As with all other medical professionals, optometrists owe a duty of care to their patients. This means that the care they provide must not fall below the standard expected of a reasonably competent and skilled optometrist.
I am currently helping a client to pursue a claim against a number of high street optometrists for repeatedly failing to identify symptoms of a tumour on the optic pathway. These delays and others led to a delay in the treatment of the tumour. Sadly the client has now lost their sight.
In cases like this, which we sadly see all too often, if it can be proven that the care received did fall below this standard and also that this negligent care caused harm, it is likely that there will be a potential medical negligence claim.
Recently in the news was a case of medical negligence that the Association of Optometrists called the first of its kind in the UK.
Vincent Barker died on 13 July 2012, five months after a routine eye test at a Boots optician, at which his optometrist, Honey Rose, failed to spot life-threatening abnormalities in his eyes. His mother was told he required “no treatment whatsoever”.
In court, the prosecution said that optometrist, Ms Rose’s conduct fell so far below the expected standards that it was “criminal”.
A build-up of fluid in his brain increased pressure in Vincent's skull and ultimately led to his death. Jonathan Rees QC, prosecuting, said this "would have been obvious to any competent optometrist" and should have led to an urgent referral to treat "a life-threatening condition".
Suffolk Police senior investigating officer, Det Supt Tonya Antonis, said: “If this case makes the optometry profession reflect on their practices and review their policies to prevent it happening to anyone again, or encourages other parents to take their children to get their eyes tested with the knowledge that any serious issues would be picked up, then it will be worthwhile.”
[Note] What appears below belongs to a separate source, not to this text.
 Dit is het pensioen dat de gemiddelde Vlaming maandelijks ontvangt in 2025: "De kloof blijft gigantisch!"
The College of Optometrists said in a statement: "All optometrists practising in the UK must be registered with the General Optical Council (GOC), the profession's regulatory body.
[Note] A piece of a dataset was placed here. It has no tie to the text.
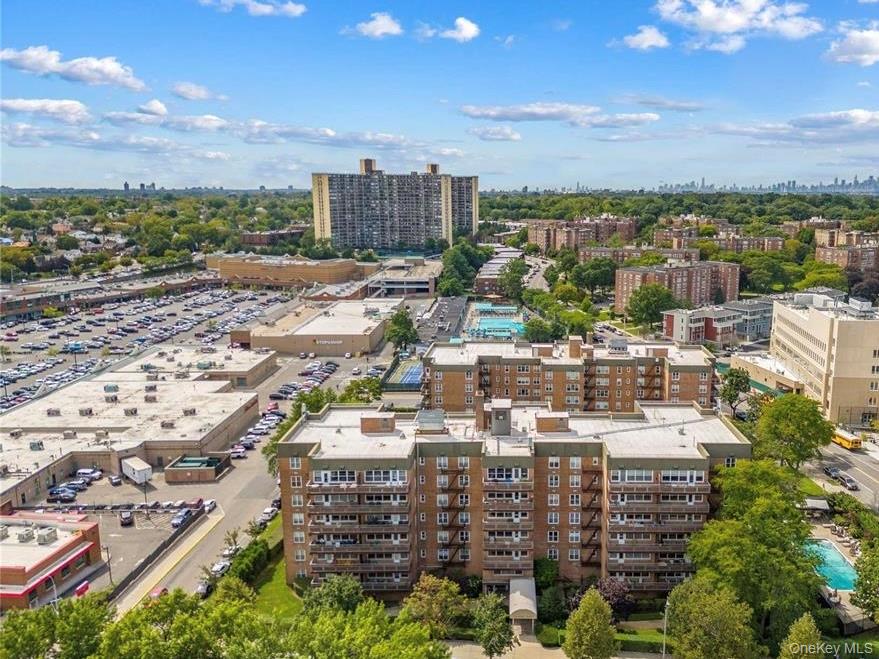 23-20 Bell Blvd 5C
"All sight tests in the UK are regulated and have to meet a set standard to ensure they are capable of detecting disease, injury or abnormality in the eye."
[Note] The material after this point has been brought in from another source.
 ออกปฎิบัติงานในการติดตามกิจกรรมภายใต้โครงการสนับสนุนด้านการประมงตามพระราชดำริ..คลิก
What Are The Responsibilities of an Optometrist?
Previously known as ophthalmic opticians, optometrists are primary health care specialists trained to examine the eyes to detect defects in vision, signs of injury, ocular diseases or abnormality and problems with general health.
It is the duty of an optometrist to make a health assessment, offer clinical advice and when necessary prescribe spectacles or contact lenses.
What Can be Learned From This Case?
When seeking an optometrist, look for FCOptom or MCOptom after their name – meaning that they are a member of the regulated GOC.